For decades, one of the most important and influential French chefs in the world.
25 Michelin stars to his name, making him the most starred chef in the world.
Mentor to some of the biggest names in cooking today.
And tonight I was going to his main restaurant, l'Atelier de Joel Robuchon. 2 Michelin stars. #29 in the San Pellegrino world's top 100 restaurants.
It's fair to say that I was looking forward to this meal. When it comes to big names in food, there are only a couple that deserve the same level of regard.
L'Atelier de Joel Robuchon is an interesting French restaurant. Firstly, the are only bookings for the first sitting. After that, you can rock up and try your luck. Secondly, it looks NOTHING like a French restaurant. The whole concept is a lot closer to a Japanese restaurant, with an open kitchen and all of the diners sitting along a bench. Between the bench and the kitchen is a few staff to take orders and ferry food. And in another non-French twist, sharing of dishes is almost encouraged.
We get there at 6.30 for our booking and it's already busy. Which shouldn't be a surprise, because the doors open at 6.30 and that's when all the bookings are. The crowd causes anticipation to build.
We're seated next to a group talking about insurance and some quiet couples and kick things off with an absolutely smashing champagne. Rather than ordering off the menu (which looks popular with others) we decide to just go the tasting menu. We let the sommelier do the matching wines for us.
I thought we might have to wait for our food with so many people arriving at the same time, but the dishes start flying out. Caviar with smoked fish and potatoes is delicious. The tomato salad is a simple selection of different tomatoes but tastes incredibly good. Foie gras with beans is the first classic dish of the night. Sweet and savoury in perfect harmony. The wine matching was a dud (the assistant sommelier had a go) but that dish was spectacular. The sommelier came back for the egg and mushroom dish and the dish was transformed into something excellent.
So we got through the tasting menu and it was all fantastic. An excellent experience. But... there were two things bothering me:
1.It was raining outside and we didn't have an umbrella.
2.I hadn't tried the langoustines. My beloved shellfish.
Rather than coffee we decided to go for a dessert wine to finish off with. But I felt like I just HAD to try more of Robuchon's food, so I got another dessert based on their recommendation for what would match the wine we got. The arabica. A dreadnaught of coffee excellence. Coffee beans, coffee mouse and a kind of coffee pastry in a glass. Delicious.
The rain continued to fall.
I made the move. Let's go the langoustines.

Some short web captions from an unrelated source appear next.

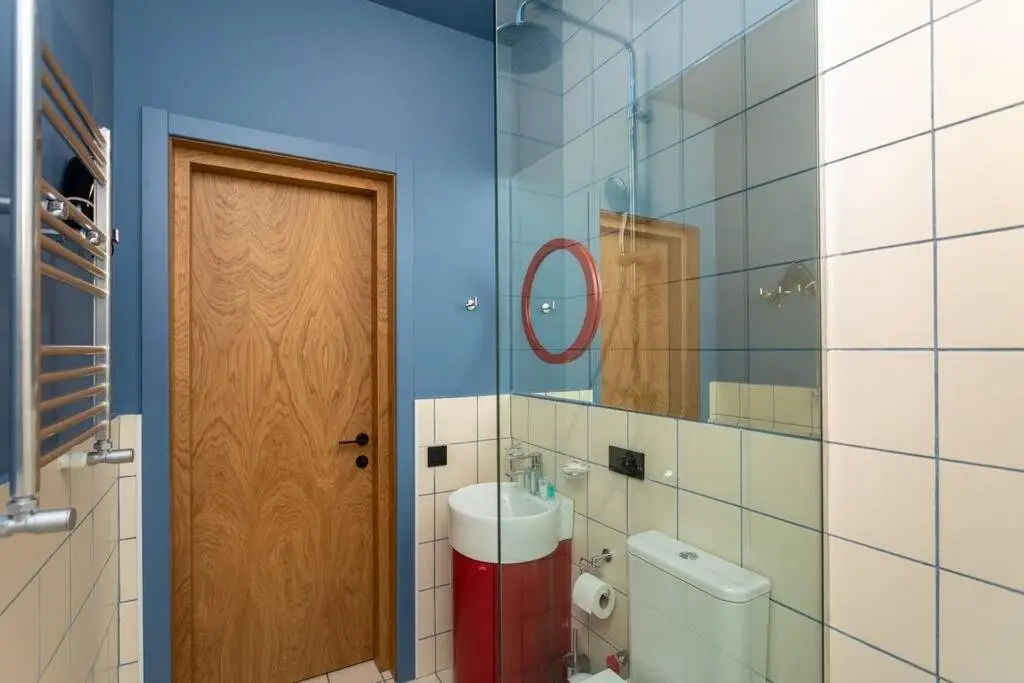Тбилиси: Newly Renovated Modern 2Br Apartment Near Fabrika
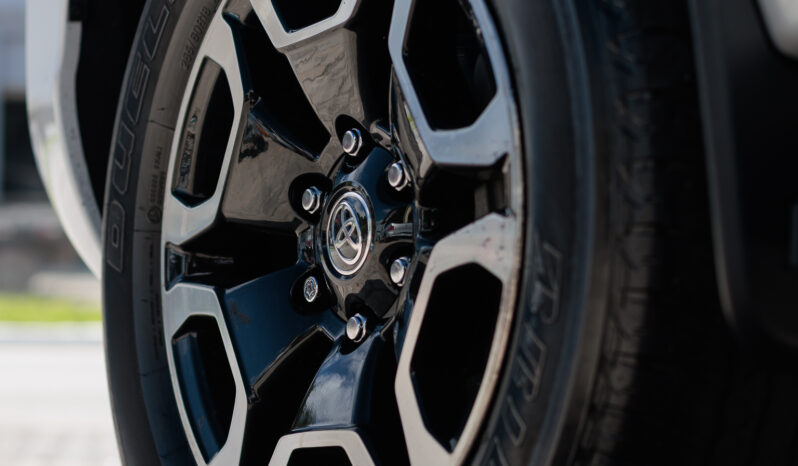 Toyota Hilux SRX – Ano: 2024 – Baixo Km cheio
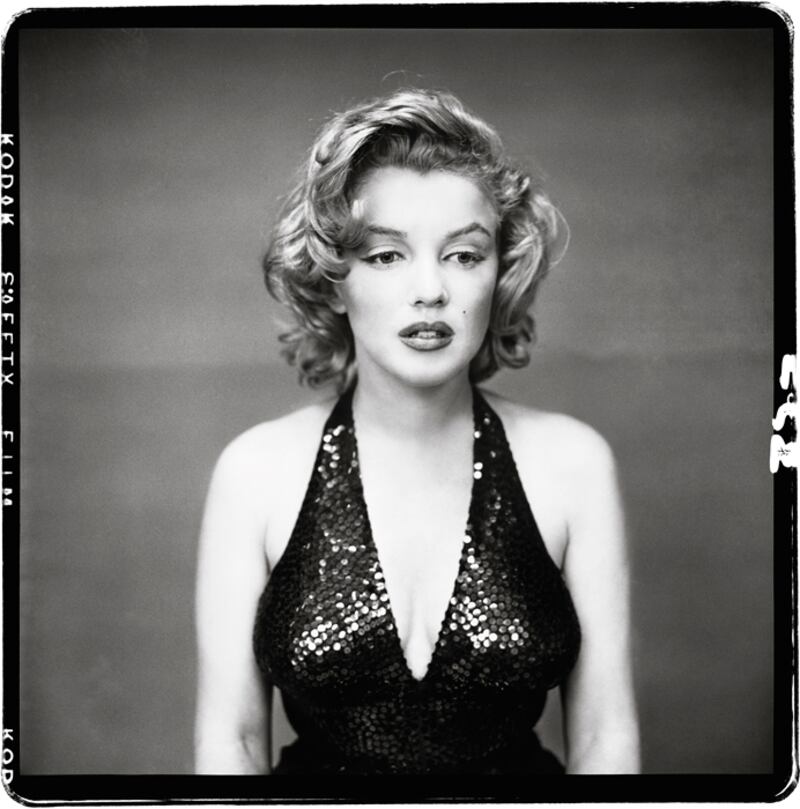 galleries/2010/10/04/avedon-auction/richard-avedon---5_ezmlfl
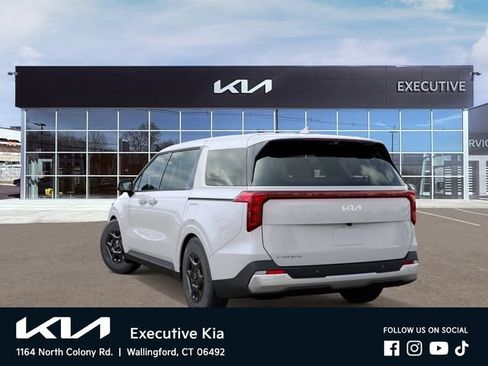New 2026 Kia Carnival LX FWD image 4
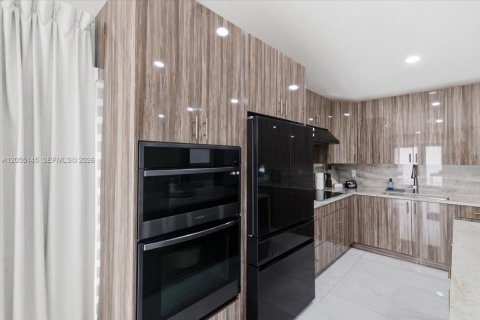 Casa en venta en Miami, Florida, 3 dormitorios, 175.03 m2 № 2185984 - foto 5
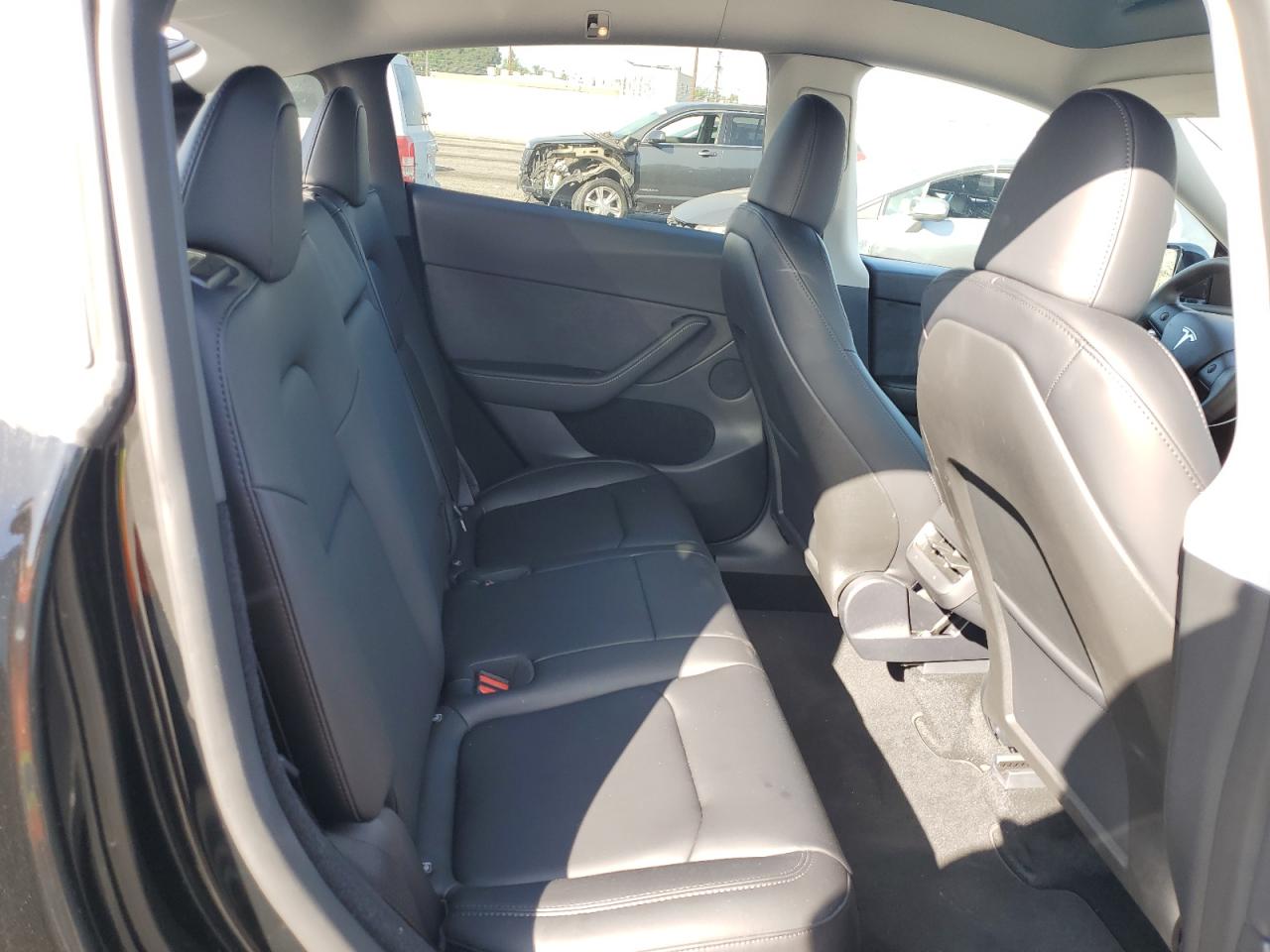 2024 Tesla Model Y VIN: 7SAYGDEE0RF126631 Lot: 91150355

They were good. Damn good. I was happy.
But it was still raining.
We asked for a suggestion from the sommelier/waiter. He said he'd surprise us. What came back was one of the best dishes I've ever eaten. Bone marrow on toast. So simple, but SO FREAKING GOOD. Bone marrow was piled up high on the toast and each bite released a torrent of delicious, salty fat. Wow.
I should have left it there. But it was still raining. Heavily. Something was telling me to stay. Jesus likes Robuchon's food too maybe?
Again, waiter/sommelier was given carte blanche to bring anything. He brought the pig trotters. Beautiful. A mix of fat, sweet meat, crunch, breadcrumbs, salt. You know, the good things in life.
It was still raining but it couldn't keep going like this.
We got wet.
I had one of the best dining experiences of my life. Alongside Marque and Momofuku Ko, I have a new top 3.
So should this be given third Michelin star? Can you give something three stars if you sit at a counter? The food was all about great produce, it wasn't about showing off a stack of techniques or putting dozens of elements on a plate. Does it need to?
I don't want to think about it really. This dinner doesn't need to be analysed or considered like other fine dining experiences sometimes do. It just took incredible food and gave you as much of it as you wanted. You dictated the terms of the meal. Not the restaurant, like most other places do.